From the moment Thea realizes her ability to see how long someone has to live simply by touching them, you’re hooked. Then the questions start to creep in. What do you do with that kind of knowledge? Can you redirect lifespans? Can you steal years from the villain and hand them to the saint? And if you do… are you playing God, or just playing the odds?
Morris doesn’t hold back. Each chapter opens with a new ethical quandary that forces you to pause and ask yourself what you would do. The bright, cheerful cover may suggest cozy mystery vibes, but what waits inside is a moral tug-of-war. As Thea’s grandfather wisely warns: “Doing a wrong thing for a right reason is still a wrong thing. Especially if you're the one deciding what the right thing is.” That line? It lingers. Right up there with, “just because you can, should you.”
Now, that’s not to say it’s all doom and dread. There are moments of humor, irony, and even dry wit, as you find yourself muttering, “Come on, Thea,” while she ignores red flags that are practically neon. Thea’s desperation to be seen makes her vulnerable, and Sam swoops in with just enough charm to make the reader suspicious. I didn’t trust him from the start. He was moving too fast. The charm is too polished. He found Thea’s weakness and took full advantage of it. Come on, Thea, believe in yourself and stop using a hypocrite as a moral compass.

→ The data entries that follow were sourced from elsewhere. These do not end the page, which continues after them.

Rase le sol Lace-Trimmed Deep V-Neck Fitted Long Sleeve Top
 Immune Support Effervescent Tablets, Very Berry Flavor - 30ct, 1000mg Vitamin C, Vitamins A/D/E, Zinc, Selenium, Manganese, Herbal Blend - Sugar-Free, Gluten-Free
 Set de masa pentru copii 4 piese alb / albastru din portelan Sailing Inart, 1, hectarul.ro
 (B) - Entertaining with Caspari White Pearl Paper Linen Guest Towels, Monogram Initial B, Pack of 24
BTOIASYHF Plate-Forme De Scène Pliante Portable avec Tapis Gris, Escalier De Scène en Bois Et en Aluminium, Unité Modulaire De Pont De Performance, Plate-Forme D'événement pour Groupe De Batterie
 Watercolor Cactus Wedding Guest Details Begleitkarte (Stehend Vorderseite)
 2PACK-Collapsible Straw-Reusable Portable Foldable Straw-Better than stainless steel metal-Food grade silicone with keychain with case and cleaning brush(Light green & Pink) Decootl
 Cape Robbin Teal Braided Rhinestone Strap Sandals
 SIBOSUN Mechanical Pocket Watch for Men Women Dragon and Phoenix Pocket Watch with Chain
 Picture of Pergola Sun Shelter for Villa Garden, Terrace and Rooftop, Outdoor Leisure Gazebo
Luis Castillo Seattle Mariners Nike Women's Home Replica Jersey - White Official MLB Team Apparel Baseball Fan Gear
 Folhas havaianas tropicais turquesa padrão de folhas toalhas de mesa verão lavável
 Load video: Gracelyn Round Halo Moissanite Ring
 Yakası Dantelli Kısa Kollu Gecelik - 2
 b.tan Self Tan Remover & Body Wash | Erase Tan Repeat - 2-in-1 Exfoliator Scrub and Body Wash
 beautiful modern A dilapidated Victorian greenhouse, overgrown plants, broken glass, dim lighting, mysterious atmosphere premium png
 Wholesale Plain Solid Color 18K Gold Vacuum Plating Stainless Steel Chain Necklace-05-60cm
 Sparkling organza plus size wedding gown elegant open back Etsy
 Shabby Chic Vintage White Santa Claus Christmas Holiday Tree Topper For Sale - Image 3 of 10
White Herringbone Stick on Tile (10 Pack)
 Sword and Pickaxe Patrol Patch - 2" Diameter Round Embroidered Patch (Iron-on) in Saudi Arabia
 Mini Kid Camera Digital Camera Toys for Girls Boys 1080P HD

Watching Thea evolve and how power changes her is stomach-wrenching. As she slips deeper into her role as an avenging angel, wielding mortality as a weapon and justifying her choices, the tension intensifies. Is this still the Thea we first met, or has the power transformed her into something else?
Throughout all of this, Thea balances life math with emotional fallout and giving, taking, and never quite letting the reader know where her finish line is. And then come the reveals. A twist knocks the wind out of you. The answers that click into place are tender and devastating, especially for a girl who never truly felt she belonged after losing her parents.
The ending surprised me, not just once, but twice. Just when I thought the story had neatly tied itself up, Morris tugged on a thread that unraveled even more. And that final passage? Worth it. It reframes the entire story in a way that had me revisiting earlier chapters in my mind.
So don’t let your expectations or the cover steer you wrong; this one’s worth sticking with. An Ethical Guide to Murder asks what happens when moral clarity runs headfirst into personal grief and unchecked power. And long after the last page, you’ll still be chewing on the choices made. And the ones that weren’t.